# How can lights be on 208v?



## Dizzykidd (Aug 3, 2016)

It might be a dumb question but for some reason I don't get it. I always thought lights need a neutral to work. Whether they're 120 or 277 they have a neutral. Well now we put parking lot lights on 208v. Can someone explain how that works please.


----------



## HackWork (Oct 2, 2009)

Nothing needs a neutral to work, it just needs current to flow. In this case you are using two hots just like anything else that uses 208-240v.


----------



## joebanana (Dec 21, 2010)

All that's needed for anything electrical to work, is a complete circuit.


----------



## frenchelectrican (Mar 15, 2007)

Dizzykidd said:


> It might be a dumb question but for some reason I don't get it. I always thought lights need a neutral to work. Whether they're 120 or 277 they have a neutral. Well now we put parking lot lights on 208v. Can someone explain how that works please.


Not all lights do need netural to work at all..

basically the 208 is part of three phase network system and 208 volts is line to line which it is a common voltage and ya do have 120 volts line to neutral system.

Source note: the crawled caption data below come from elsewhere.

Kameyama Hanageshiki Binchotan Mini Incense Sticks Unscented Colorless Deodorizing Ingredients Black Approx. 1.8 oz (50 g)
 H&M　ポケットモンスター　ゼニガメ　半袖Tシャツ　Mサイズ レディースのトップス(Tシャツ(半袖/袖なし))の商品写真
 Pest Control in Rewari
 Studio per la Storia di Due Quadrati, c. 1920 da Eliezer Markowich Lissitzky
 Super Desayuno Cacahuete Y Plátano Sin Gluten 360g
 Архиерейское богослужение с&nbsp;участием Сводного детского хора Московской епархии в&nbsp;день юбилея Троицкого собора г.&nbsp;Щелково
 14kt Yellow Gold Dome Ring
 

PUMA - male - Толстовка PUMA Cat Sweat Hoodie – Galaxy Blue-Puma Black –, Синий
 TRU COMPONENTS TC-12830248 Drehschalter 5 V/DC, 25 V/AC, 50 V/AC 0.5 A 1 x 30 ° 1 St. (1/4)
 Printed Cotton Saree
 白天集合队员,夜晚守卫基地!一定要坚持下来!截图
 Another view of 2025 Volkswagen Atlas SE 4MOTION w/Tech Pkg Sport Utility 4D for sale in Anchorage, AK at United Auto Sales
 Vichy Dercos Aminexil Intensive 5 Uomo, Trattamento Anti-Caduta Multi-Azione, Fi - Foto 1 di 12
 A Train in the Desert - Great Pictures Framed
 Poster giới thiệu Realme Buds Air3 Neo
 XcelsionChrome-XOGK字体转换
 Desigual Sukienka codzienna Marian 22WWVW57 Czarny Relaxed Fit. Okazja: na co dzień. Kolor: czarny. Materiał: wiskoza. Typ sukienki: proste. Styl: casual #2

ditto with 480Y277 volts system.

I have done work on some lumaires do run on 480 volts

look at the diagram that will expain clear


----------



## RePhase277 (Feb 5, 2008)

Neutrals are confusing because they tend to be grounded and so appear to be "dead". But really they are just as "hot" as any other current carrying conductor. A hot to hot or hot to neutral is still a complete circuit, just at a different voltage.


----------



## MechanicalDVR (Dec 29, 2007)

Dizzykidd said:


> It might be a dumb question but for some reason I don't get it. I always thought lights need a neutral to work. Whether they're 120 or 277 they have a neutral. Well now we put parking lot lights on 208v. Can someone explain how that works please.


The exact same way as any other 208v load can be 208v.


----------



## Southeast Power (Jan 18, 2009)

This is an old school problem.
The drivers the next generation will be wiring won't much care about the voltage


----------